Data for review:
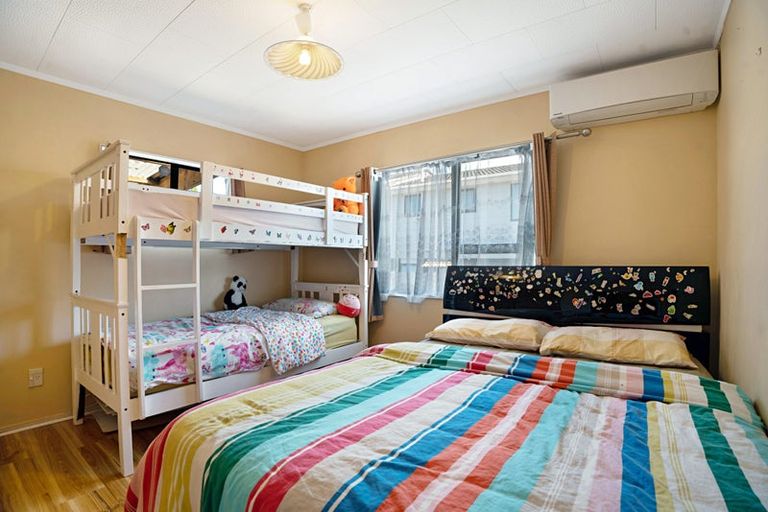 Photo of property in 4/28 Islington Avenue, New Lynn, Auckland, 0600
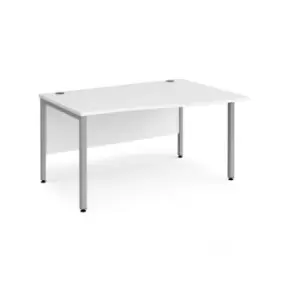 Office Desk Right Hand Wave Desk 1400mm White Top With Silver Frame Maestro 25 MB14WRSWH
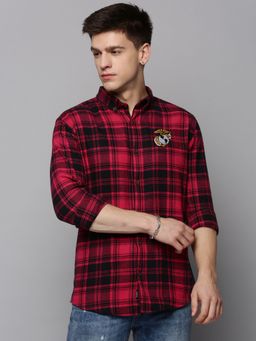 SHOWOFFFF - Mens Spread Collar Magenta Checked Shirt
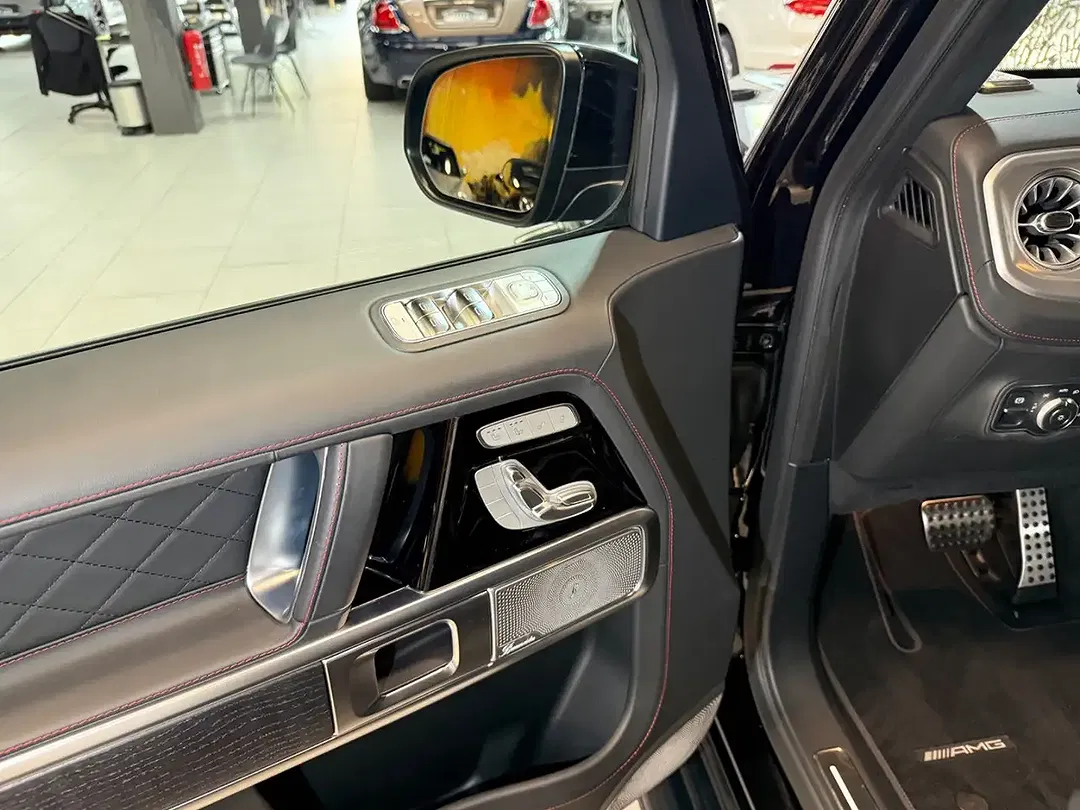 Mercedes-Benz G 63 AMG - Thumbnail 18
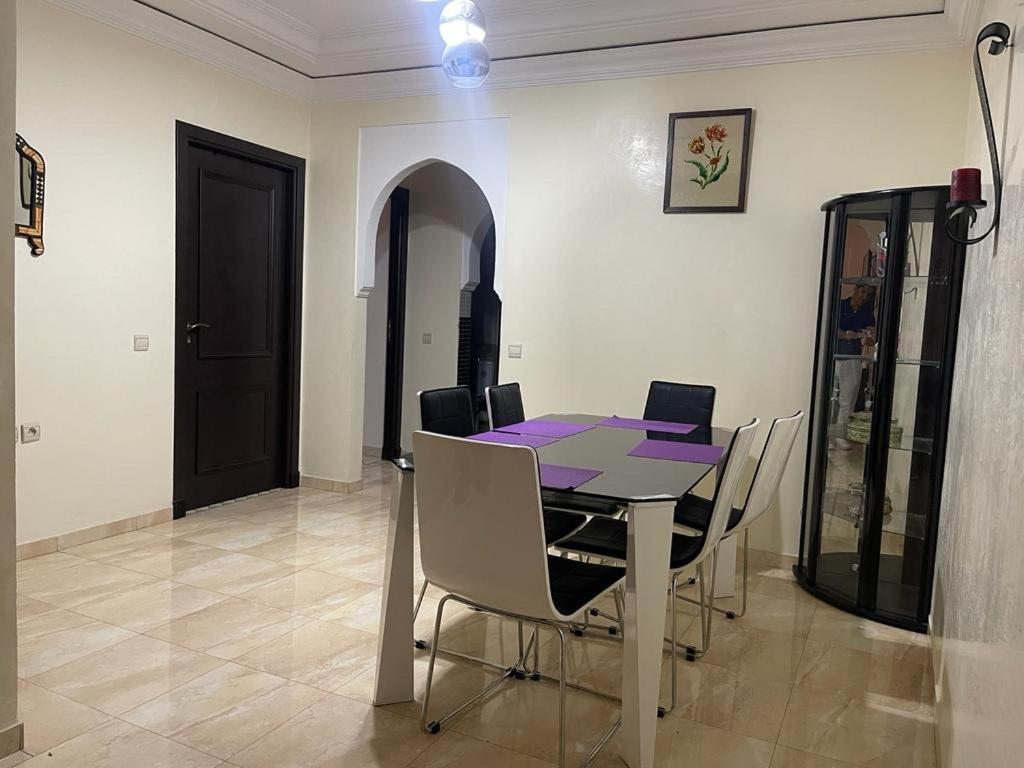 Magnifique Appartement Spacieux Confort Propre Familial 2 Chambres Salon Et Salle A Manger A 20Mn A Pied De Place Jemaa El Fina 4 Piscines Dans Espace De Golf A 12 Mn En Voitures L Entree Est Gratuit Pour La Clientele Ouvert Entre 10H Et 20H 马拉喀什 外观 照片
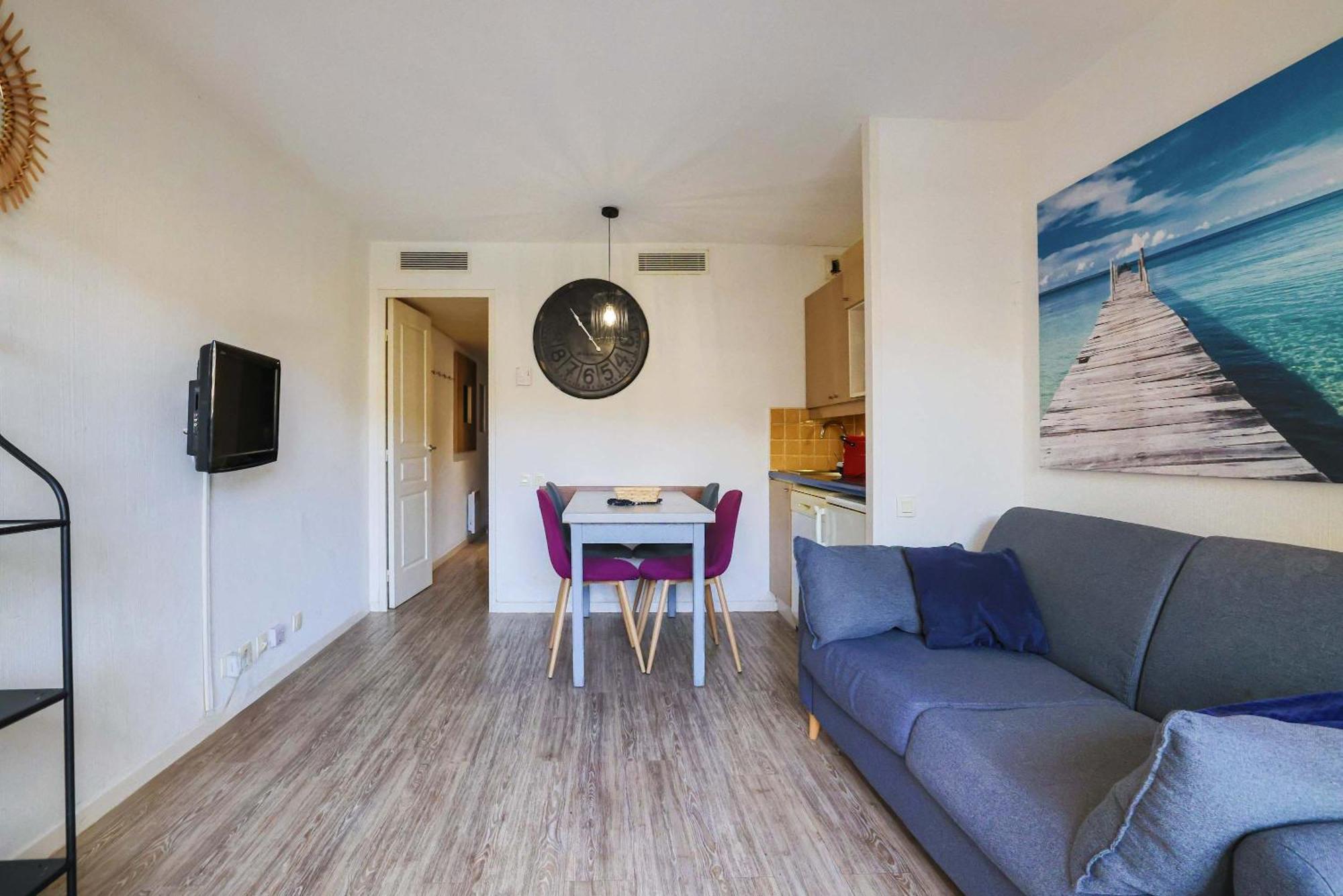 Le 380 - Lumineux, Balcon & Piscine Apartment
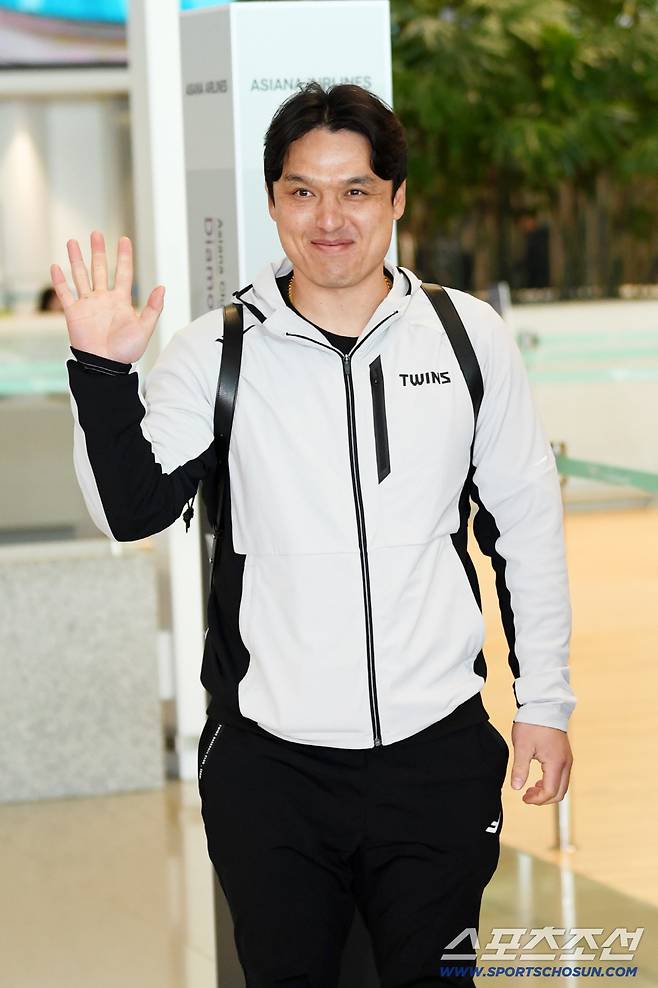 LG 트윈스 선수단이 22일 인천국제공항을 통해 스프링캠프가 열리는 미국 애리조나로 출국했다. 박동원이 출국장으로 향하고 있다. 인천공항=박재만 기자 pjm@sportschosun.com/2026.01.22/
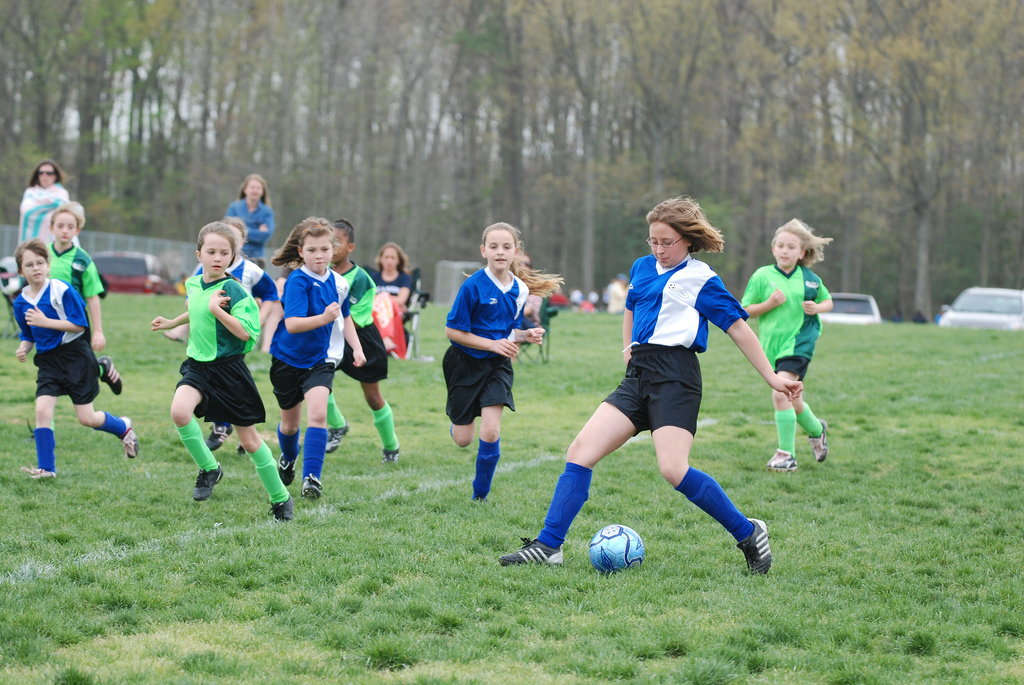 Mergaitės žaidžia futbolą. Davido Clowo nuotr./Flickr.com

What the exercise asks:
Everything in the listing above, apart from its pictures, must be repeated exactly.

Problem solution:
 Photo of property in 4/28 Islington Avenue, New Lynn, Auckland, 0600
 Office Desk Right Hand Wave Desk 1400mm White Top With Silver Frame Maestro 25 MB14WRSWH
 SHOWOFFFF - Mens Spread Collar Magenta Checked Shirt
 Mercedes-Benz G 63 AMG - Thumbnail 18
 Magnifique Appartement Spacieux Confort Propre Familial 2 Chambres Salon Et Salle A Manger A 20Mn A Pied De Place Jemaa El Fina 4 Piscines Dans Espace De Golf A 12 Mn En Voitures L Entree Est Gratuit Pour La Clientele Ouvert Entre 10H Et 20H 马拉喀什 外观 照片
 Le 380 - Lumineux, Balcon & Piscine Apartment
 LG 트윈스 선수단이 22일 인천국제공항을 통해 스프링캠프가 열리는 미국 애리조나로 출국했다. 박동원이 출국장으로 향하고 있다. 인천공항=박재만 기자 pjm@sportschosun.com/2026.01.22/
 Mergaitės žaidžia futbolą. Davido Clowo nuotr./Flickr.com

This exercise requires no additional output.